┌─ Records for processing
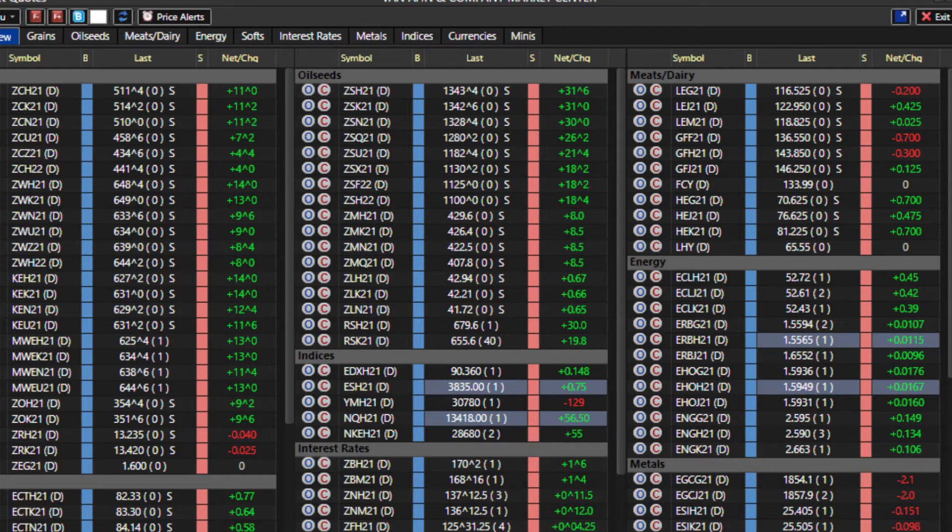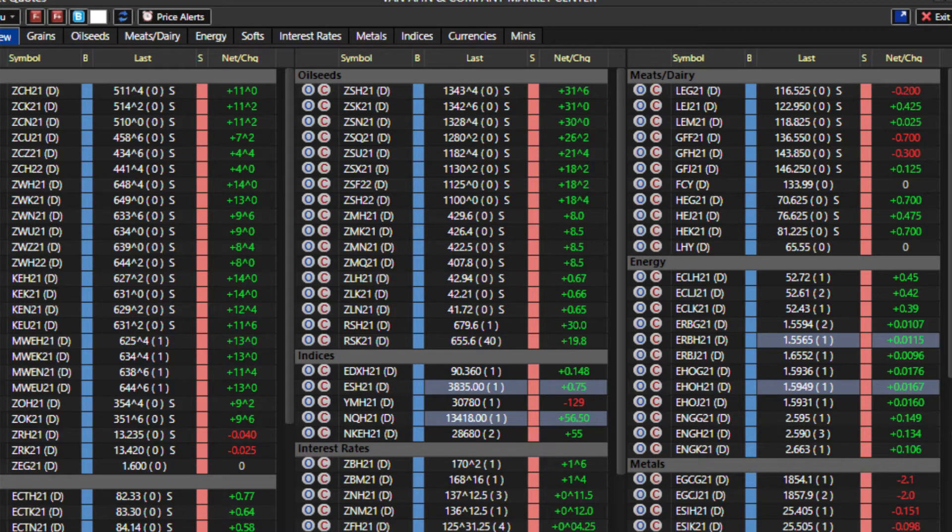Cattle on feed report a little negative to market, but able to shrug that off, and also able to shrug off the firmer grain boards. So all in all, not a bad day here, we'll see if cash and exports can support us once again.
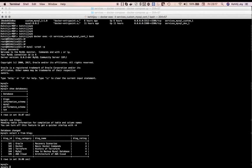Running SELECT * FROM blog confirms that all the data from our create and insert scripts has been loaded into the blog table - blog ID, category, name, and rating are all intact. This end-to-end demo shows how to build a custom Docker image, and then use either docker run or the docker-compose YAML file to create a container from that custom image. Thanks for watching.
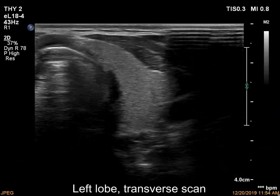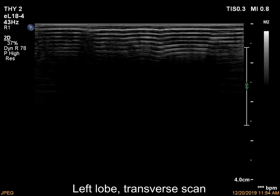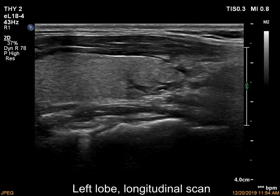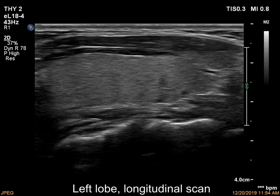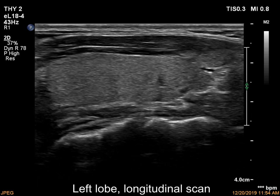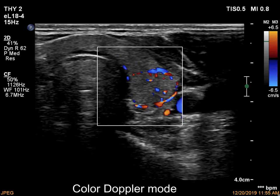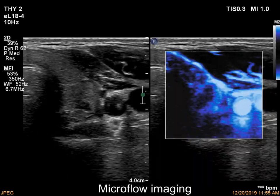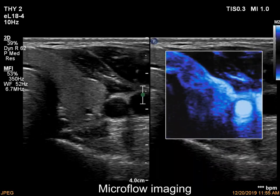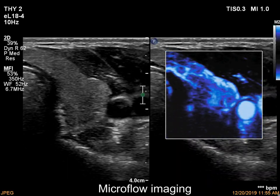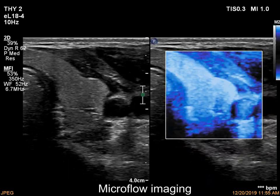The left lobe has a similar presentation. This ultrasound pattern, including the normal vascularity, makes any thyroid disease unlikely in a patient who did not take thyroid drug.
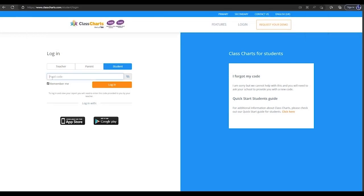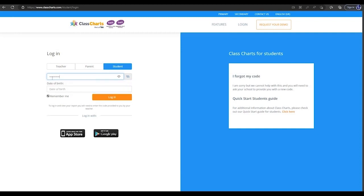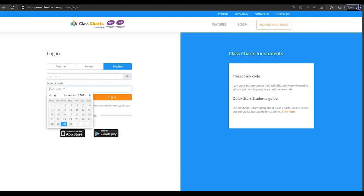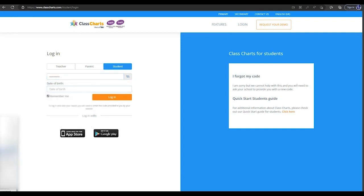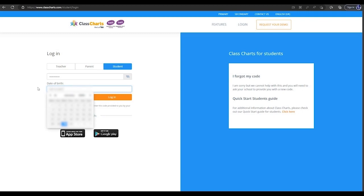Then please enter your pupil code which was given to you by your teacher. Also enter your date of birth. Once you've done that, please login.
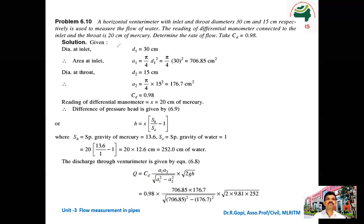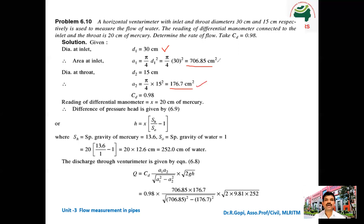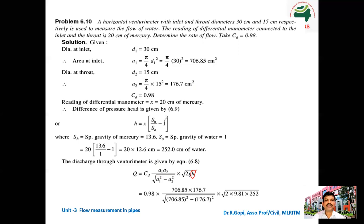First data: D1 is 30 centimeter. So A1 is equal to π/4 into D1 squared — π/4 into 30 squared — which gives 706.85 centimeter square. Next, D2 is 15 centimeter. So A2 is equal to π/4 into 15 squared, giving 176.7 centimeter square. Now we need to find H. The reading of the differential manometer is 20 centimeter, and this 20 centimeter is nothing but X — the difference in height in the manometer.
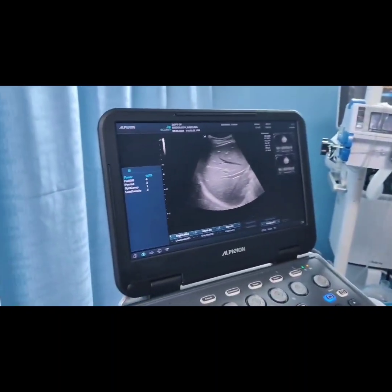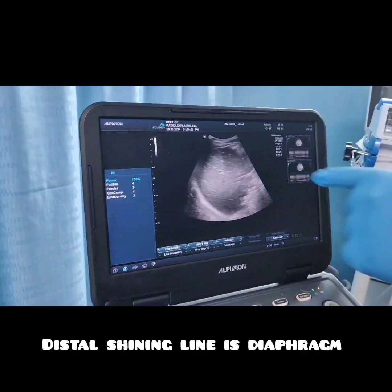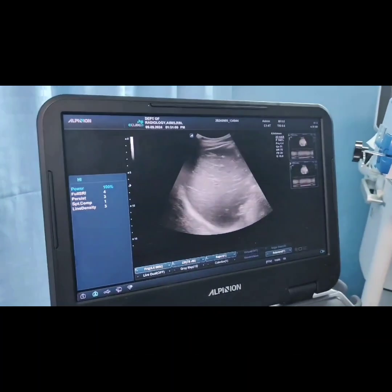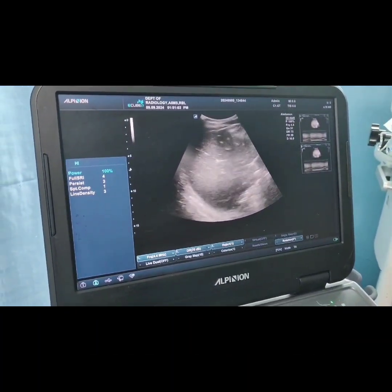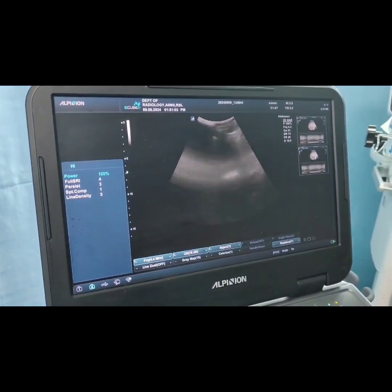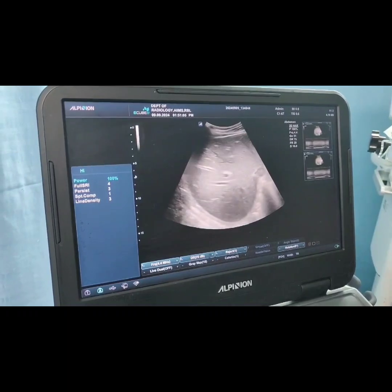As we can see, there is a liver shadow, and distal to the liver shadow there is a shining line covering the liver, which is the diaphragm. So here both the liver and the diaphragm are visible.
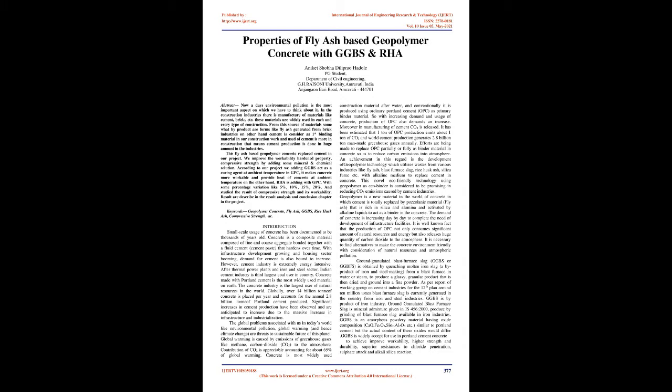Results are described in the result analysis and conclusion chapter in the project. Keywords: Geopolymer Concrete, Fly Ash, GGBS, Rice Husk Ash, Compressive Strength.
└─
Prompt ▸
Leaving pictures out, output the lines of the data above from the one with "The left lobe" through the one with "As we can see, there", word for word.

Solution for this problem ▸
The left lobe has a similar presentation. This ultrasound pattern, including the normal vascularity, makes any thyroid disease unlikely in a patient who did not take thyroid drug.
Then please enter your pupil code which was given to you by your teacher. Also enter your date of birth. Once you've done that, please login.
First data: D1 is 30 centimeter. So A1 is equal to π/4 into D1 squared — π/4 into 30 squared — which gives 706.85 centimeter square. Next, D2 is 15 centimeter. So A2 is equal to π/4 into 15 squared, giving 176.7 centimeter square. Now we need to find H. The reading of the differential manometer is 20 centimeter, and this 20 centimeter is nothing but X — the difference in height in the manometer.
As we can see, there is a liver shadow, and distal to the liver shadow there is a shining line covering the liver, which is the diaphragm. So here both the liver and the diaphragm are visible.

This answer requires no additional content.